4 Concluding remarks

In this paper we presented new General Variable Neighborhood Search (GVNS) approaches for solving the uncapacitated \(r\)-allocation \(p\)-hub median problem. The full nested Variable Neighborhood Descent (VND) is implemented for the first time as a local search routine. The merit of these approaches has been disclosed by testing them on benchmark instances, and comparing obtained results with those offered by GRASP heuristic. It appears that GVNS approaches are very efficient, providing a large number of new best known solutions.

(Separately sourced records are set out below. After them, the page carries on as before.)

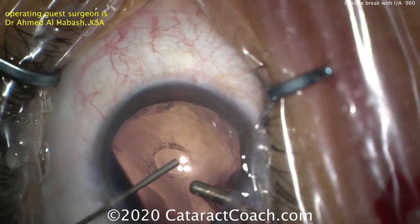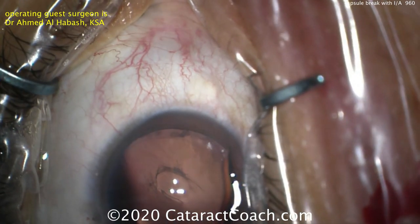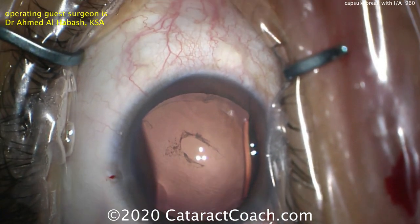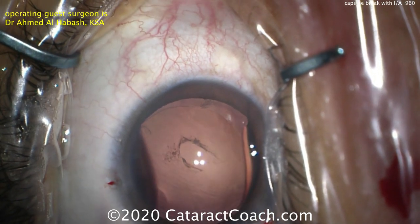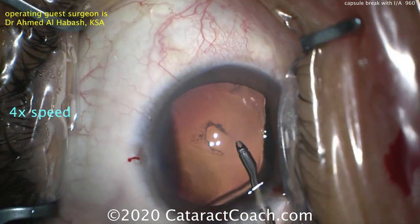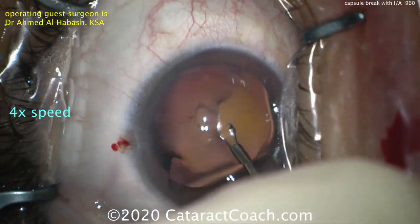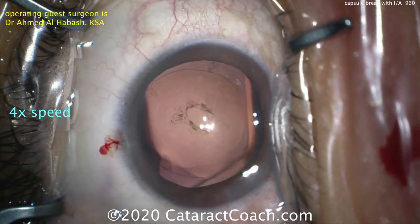Now we can come out of the eye with the instrumentation. The AC is still full of viscoelastic, the anterior hyaloid face is still intact, no vitreous prolapse. Now we're going to see Dr. Al-Habash create a posterior capsulorexis — taking this irregular shape of the posterior capsule opening and turning it into a round capsulorexis.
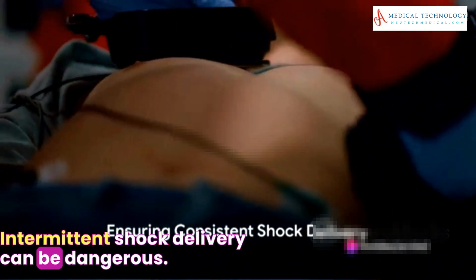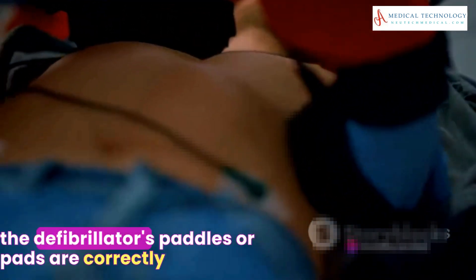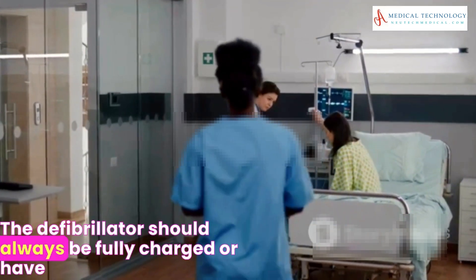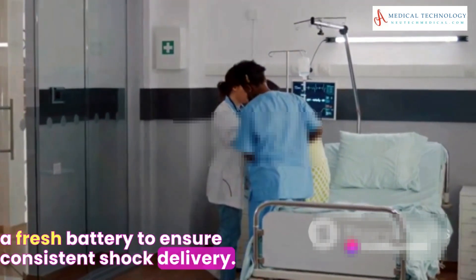Intermittent shock delivery can be dangerous. Inspect the electrode pads and cables, and ensure the defibrillator's paddles or pads are correctly applied to the patient's chest. The defibrillator should always be fully charged or have a fresh battery to ensure consistent shock delivery.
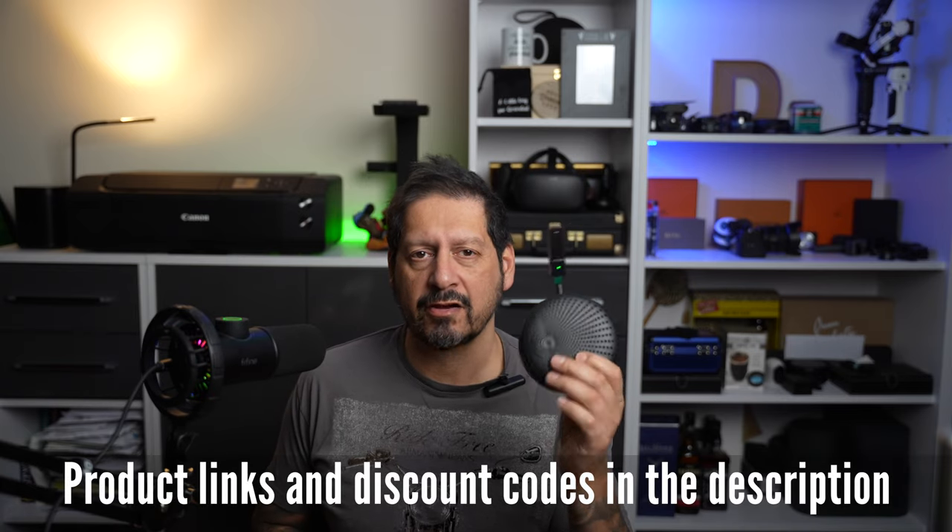Guys, I'll put any product links and any discount codes in the description. If you have any comments or questions, then please leave them in the comments section below. And until then, guys, thanks for watching, and thanks to Balila for sending me this rather innovative piece of kit to review. If you like the video, then please give it a thumbs up — it really makes a difference. And if you'd like to see more of my content, then please subscribe and click on that bell icon to be notified of new videos. I'm Dave with Seeing Through a Lens. Thanks for watching, and I will see you next time. Bye for now.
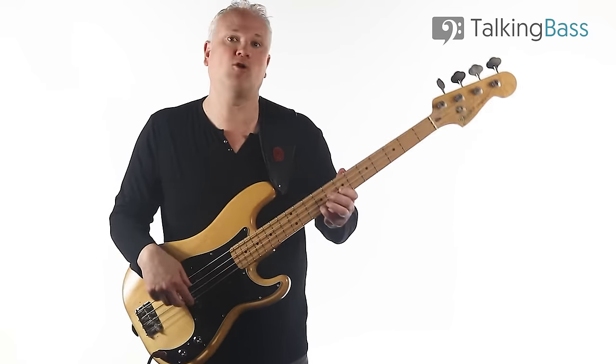Also, get on over to the Talking Bass website where you'll find over 750 free bass lessons, all categorized for ease of navigation. Remember to like the video, subscribe to the channel for weekly lessons every Friday, and leave me a comment to let me know what other cool bass lines you'd like me to break down. Thanks for watching, and I'll see you next week!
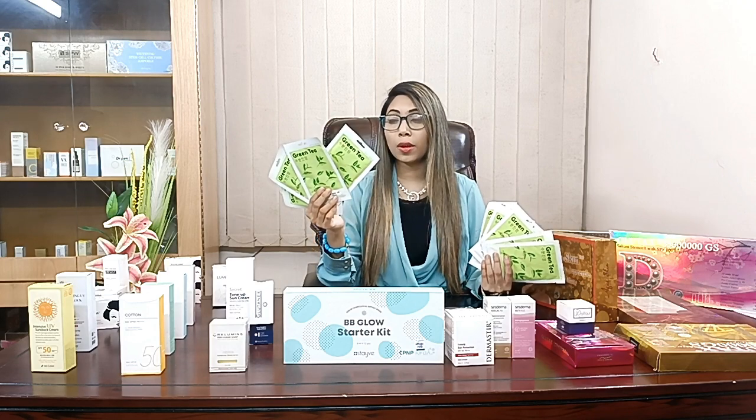We have this sheet mask ready to use, imported and original from Missha. Missha is a very high quality brand.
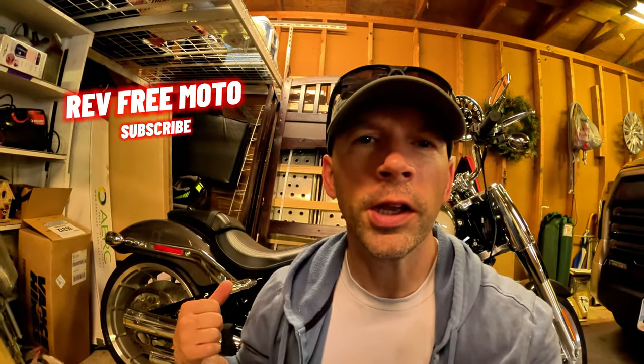Hey, what's up guys, it's Jonathan with Rev Free Moto. Today I'm going to be putting on a Harley Sundowner seat on my 2023 Harley Fat Boy 114. Let's get into it.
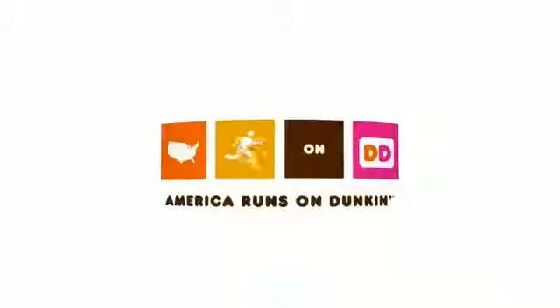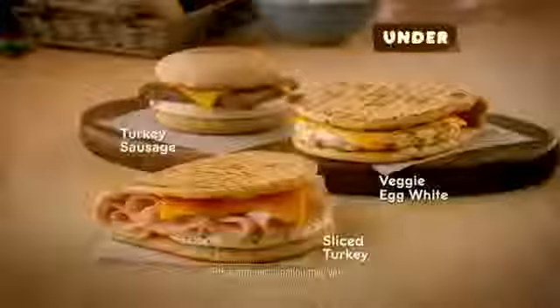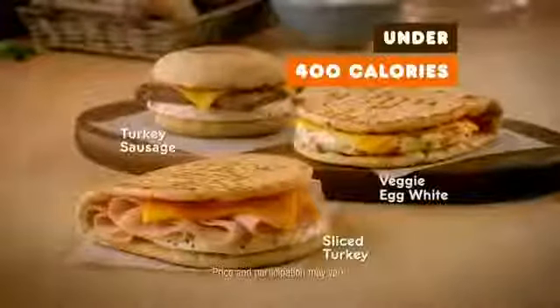Dunkin' has great-tasting sandwich options for under 400 calories. Try turkey sausage, veggie egg white omelet, or the new sliced turkey breakfast sandwich. Hurry in today. America runs on Dunkin'. Come in and get a great-tasting breakfast sandwich at Dunkin' today.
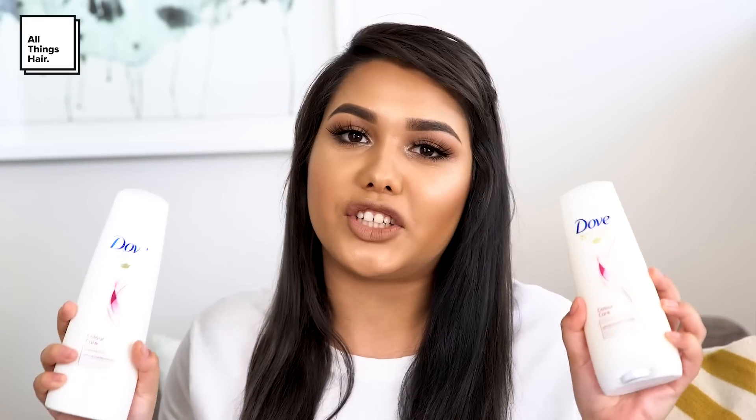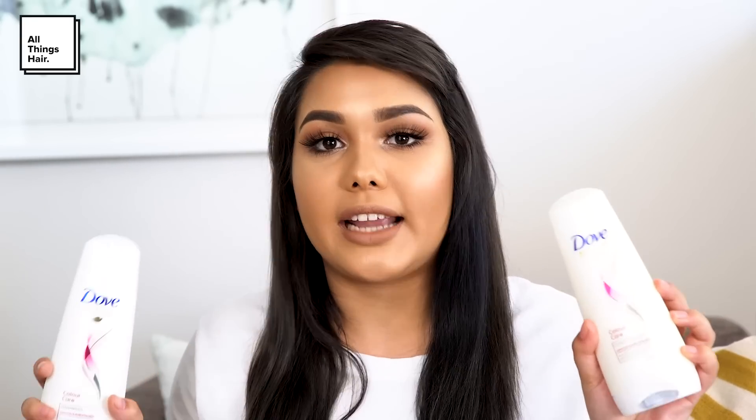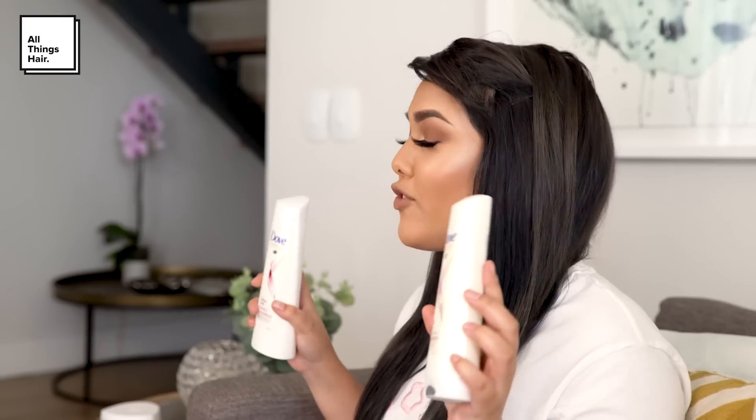In summer it's pretty much impossible to avoid the sun, so it's best to protect your hair from the sun's harmful UV rays. That's why I use products that have UV protection. The Dove Colour Care Range contains UV protection and is perfect for colour-treated hair. It's also going to repair and protect your hair from further damage.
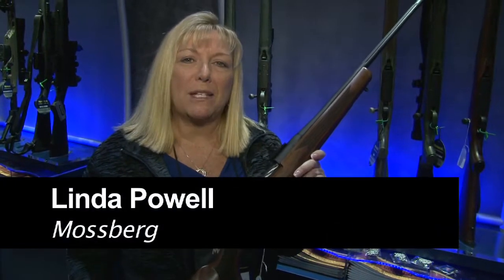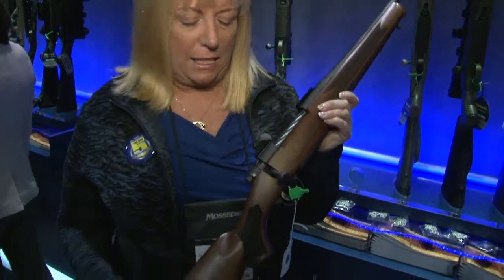Hi, I'm Linda Palin. You're at the 2015 Shot Show in the Mossberg booth. I'm really pleased to show you the latest bolt-action rifle from Mossberg. It's the Patriot, an American-made classic hunting rifle.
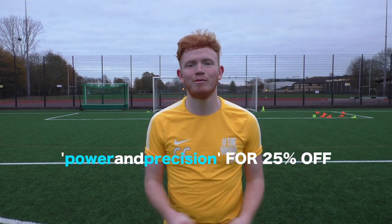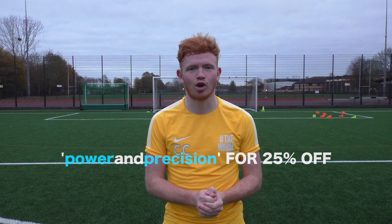That's everything for this video. If you want to buy any of the equipment we were using, use the discount code 'Power and Precision' and go to quickplaysport.com to buy it. Thank you guys for watching and I'll see you next time. Goodbye!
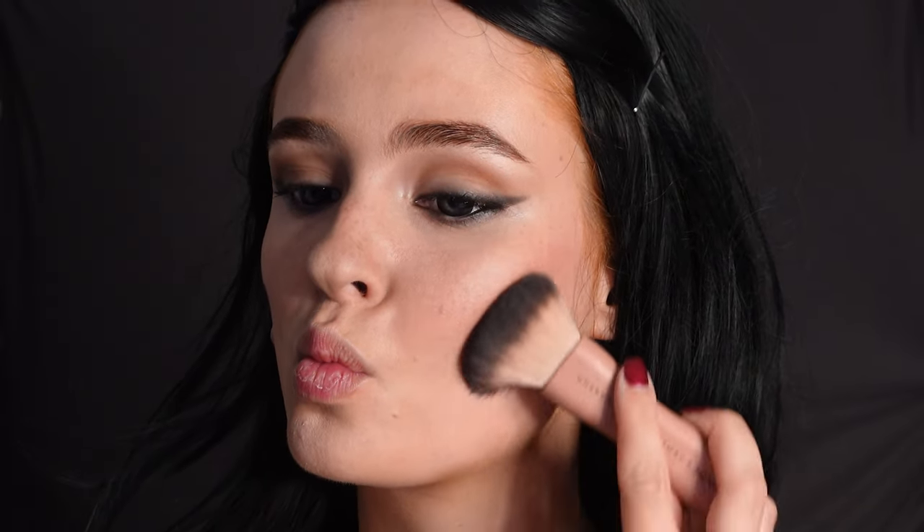She also has a pronounced cupid's bow so I'm also contouring that. Then I'm applying some contour to my cheeks to make them look a bit more hollow. I'm adding a little dot of contour on my chin to emulate the dimple she has there, using a bit of mattifying powder.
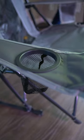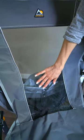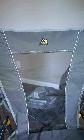It has a cell phone pocket on one side and a cup holder on the other side. It has a really thick mesh backing, and overall, the material feels really strong and durable.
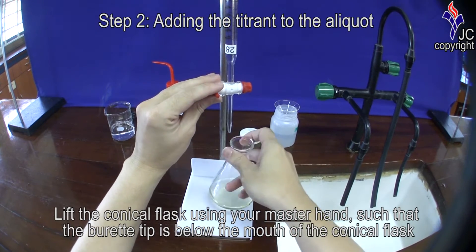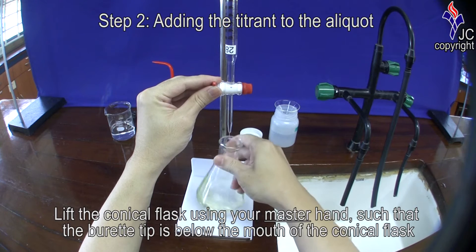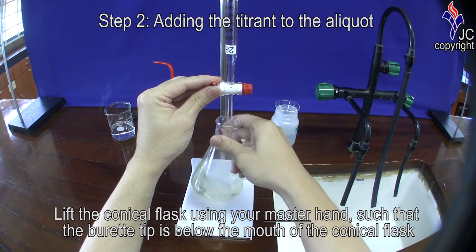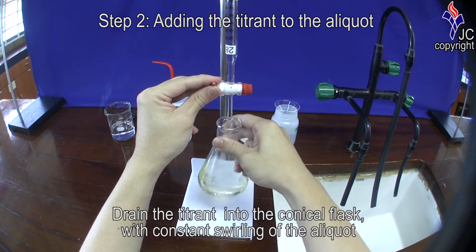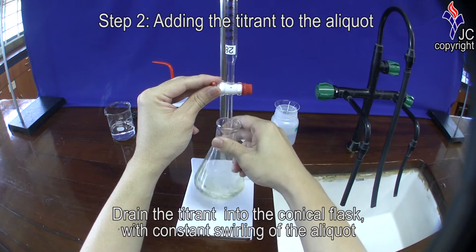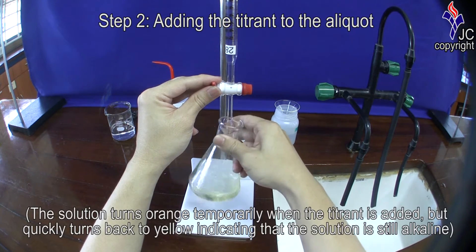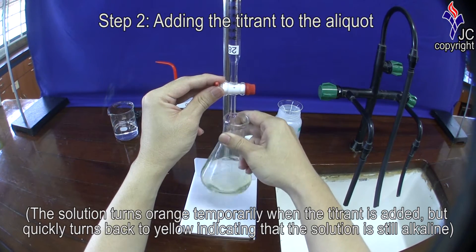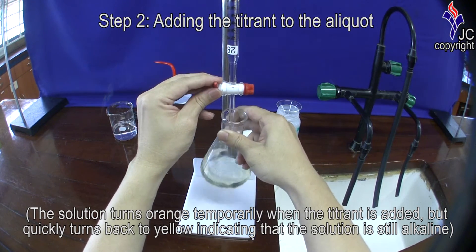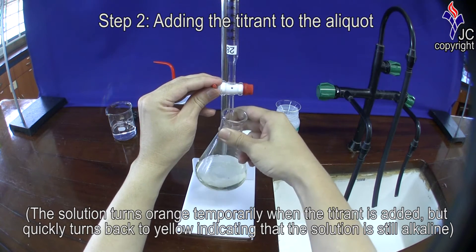Lift the conical flask up using your master hand such that the burette tip is inside the mouth of the conical flask. Drain the titrant into the conical flask with constant swirling of the aliquot. Note that the colour of the solution turns red or orange temporarily when the titrant is added, but quickly turns back to yellow, indicating that the solution is still alkaline.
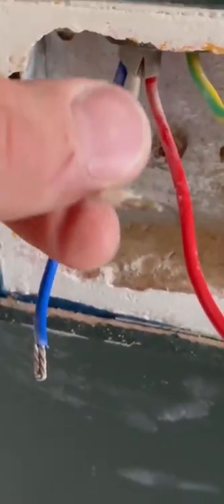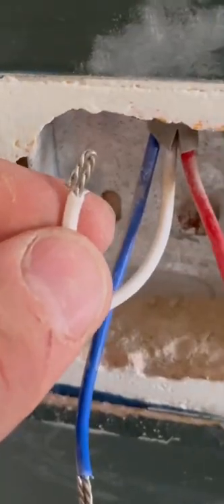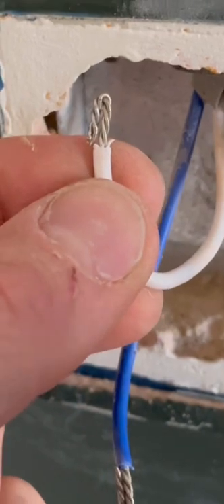The previous electrician had said it's aluminium and needs to be rewired — it's not, it's just tinned copper. It's lovely and flexible cable, just three strands twisted up nice and neatly and then doubled back, and they'll go into the connections of the switch nice and easily.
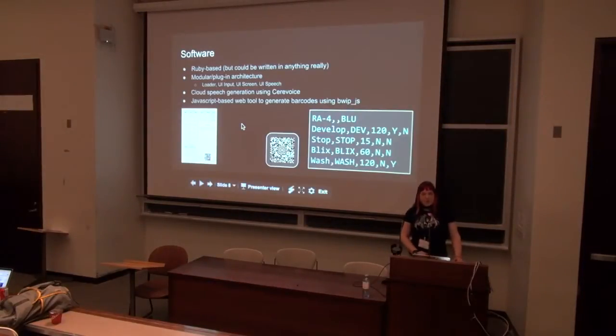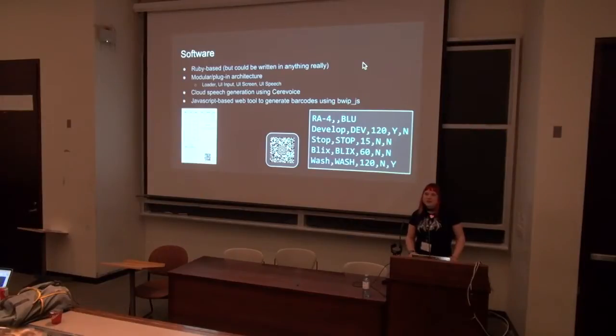Software-wise, it's all Ruby-based — it could be written in anything, I just like using Ruby. It's a modular architecture so I can test it on my laptop using my keyboard as the buttons and console output instead of speech, then load that code into the darkroom with a different config file and have it use actual speech output and physical buttons. I'm using a cloud speech generation service called CeraVoice. It's free for small numbers of words per day, and pretty much any personal project falls within their limit. It's really good, very intelligible speech. I get around the cloud limitation by rendering it beforehand — it renders all the speech into MP3 files before the process starts, so if there are any errors, you know about it before it's time critical. Then it just plays those MP3s at the right time through speakers.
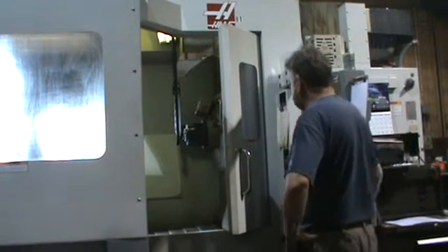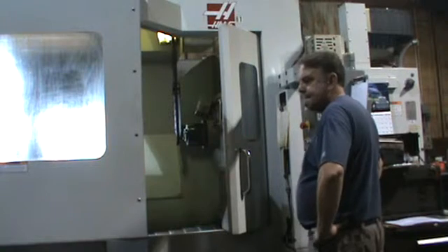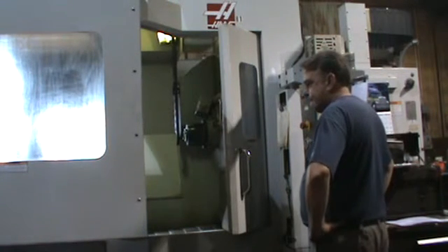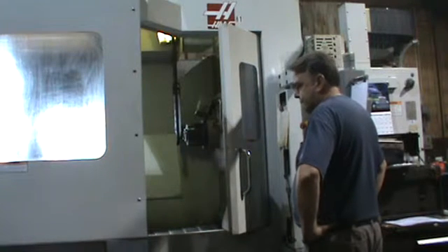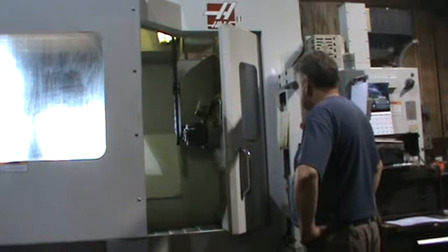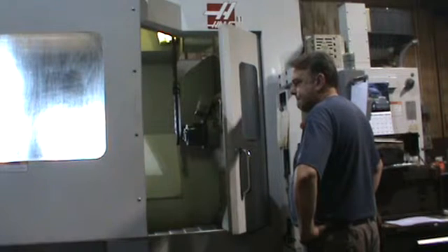Okay folks, what we got here is a Haas EC1600. I'm going to go ahead and just run it through a simple program. We're going to run the spindle at about 1500 to 2000 RPM, do some rapid movements, a little XYZ stuff. So go ahead and start it, Mark.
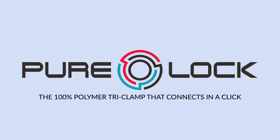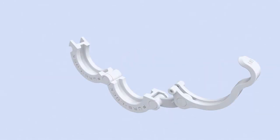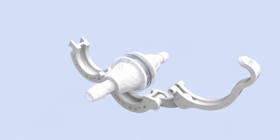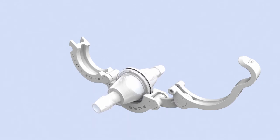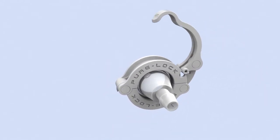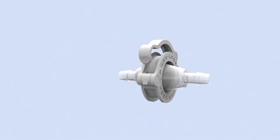Introducing PureLock, the 100% polymer tri-clamp that connects in a click. Quick and easy assembly and compatible with all sizes of sanitary tri-clamp connectors. A unique design with an over-center cam arm locking action and a click-to-lock fit.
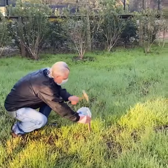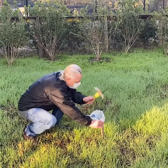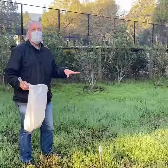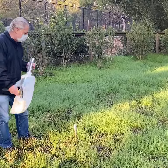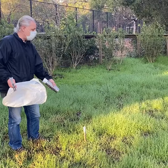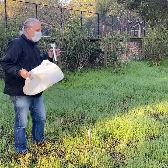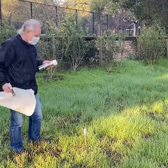John is placing a stake where they plan to do a soil boring, so they know what's underneath the area where the new ADU is going to be located. They'll extract samples from this spot, run some engineering tests on them, and then give the information to the structural engineer who's going to design the ADU.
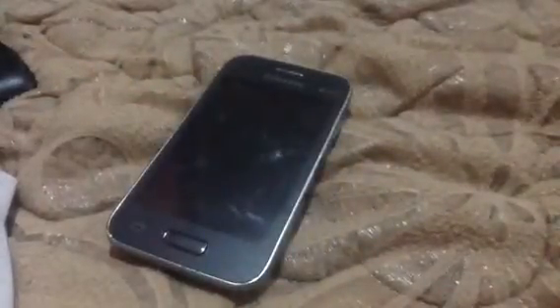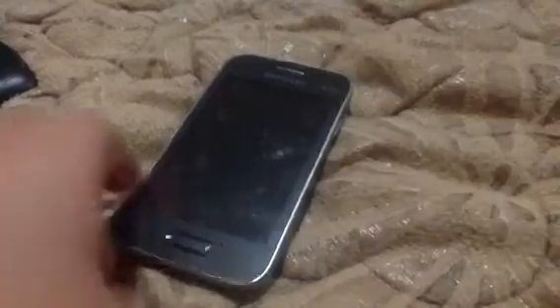And you know what they say — when your phone does not work, there's no way to fix this. There, it's broken. You saw it. You saw this thing for real.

It is worth mentioning that our algorithm may be easily adapted for solving other versions of \(p\)-hub location problems. Also, the proposed algorithm may be extended to two level GVNS approach [25] by introducing variable neighborhood search within nested VND. Thus, future research may include development of new GVNS based heuristics for \(p\)-hub location problems.